The size of helical pitch is important for microtubule plus end dynamic instability

Author:

Liu Chenshu,Prahl Louis,He Yu,Wang Yan,Zhu Ruijun,Mao Yinghui

Abstract

ABSTRACTMicrotubule (MT) dynamic instability is a conserved phenomenon underlying essential cellular functions such as cell division, cell migration and intracellular transport, and is a key target of many chemotherapeutic agents. However, it remains unclear how the organization of tubulin dimers at the nanometer scale translates into dynamic instability as an emergent property at the micrometer scale. Tubulin dimers are organized into left-handed helical MT lattice, and most present-day MTs converge at a 1.5 dimer helical pitch that causes a seam in an otherwise symmetric helix.
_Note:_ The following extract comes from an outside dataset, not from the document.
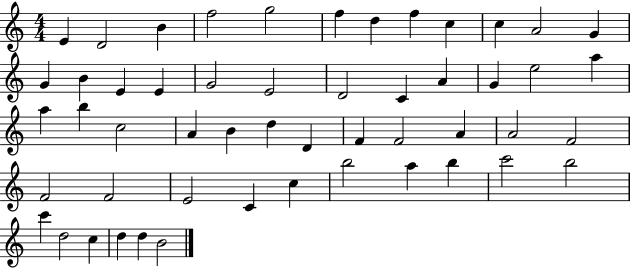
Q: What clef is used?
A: treble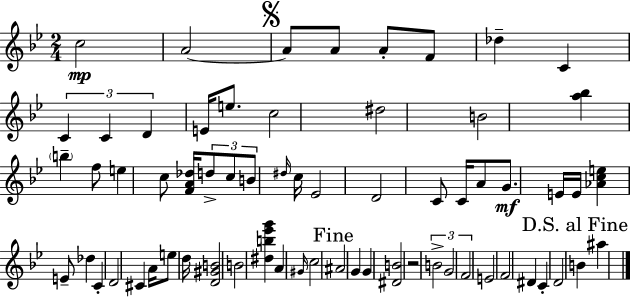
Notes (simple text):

C5/h A4/h A4/e A4/e A4/e F4/e Db5/q C4/q C4/q C4/q D4/q E4/s E5/e. C5/h D#5/h B4/h [A5,Bb5]/q B5/q F5/e E5/q C5/e [F4,A4,Db5]/s D5/e C5/e B4/e D#5/s C5/s Eb4/h D4/h C4/e C4/s A4/e G4/e. E4/s E4/s [Ab4,C5,E5]/q E4/e Db5/q C4/q D4/h C#4/q A4/s E5/e D5/s [D4,G#4,B4]/h B4/h [D#5,B5,Eb6,G6]/q A4/q G#4/s C5/h A#4/h G4/q G4/q [D#4,B4]/h R/h B4/h G4/h F4/h E4/h F4/h D#4/q C4/q D4/h B4/q A#5/q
Because presently there are no experimental methods that can precisely manipulate tubulin subunit with sub-dimer resolution, the impact of helical pitch on dynamic instability remains unknown. Here by using stochastic simulations of microtubule assembly dynamics we demonstrate that helical pitch plays essential roles in MT plus end dynamic instability. By systematically altering helical pitch size, one half-dimer at a time, we found that a helical pitch as small as one half-dimer is sufficient to inhibit short-term MT length plateaus associated with diminishing GTP-tubulin cap. Notably, MT plus end dynamics quantitatively scale with the size of helical pitch, rather than being clustered by the presence or absence of helical symmetry. Microtubules with a 1.5 dimer helical pitch exhibit growth and shrinkage phases and undergo catastrophe and rescue similar to experimentally observed microtubules. Reducing helical pitch to 0 promotes rapid disassembly, while increasing it causes microtubules to undergo persistent growth, and it is the 1.5 dimer helical pitch that yields the highest percentage of MTs that undergo alternating growth and shrinkage without being totally disassembled. Finally, although the 1.5 dimer helical pitch is conserved among most present-day MTs, we find that other parameters, such as GTP hydrolysis rate, can partially compensate for changes in helical pitch. Together our results indicate that helical pitch is a determinant of MT plus end dynamic instability and that the evolutionarily conserved 1.5 dimer helical pitch promotes dynamic instability required for microtubule-dependent cellular functions.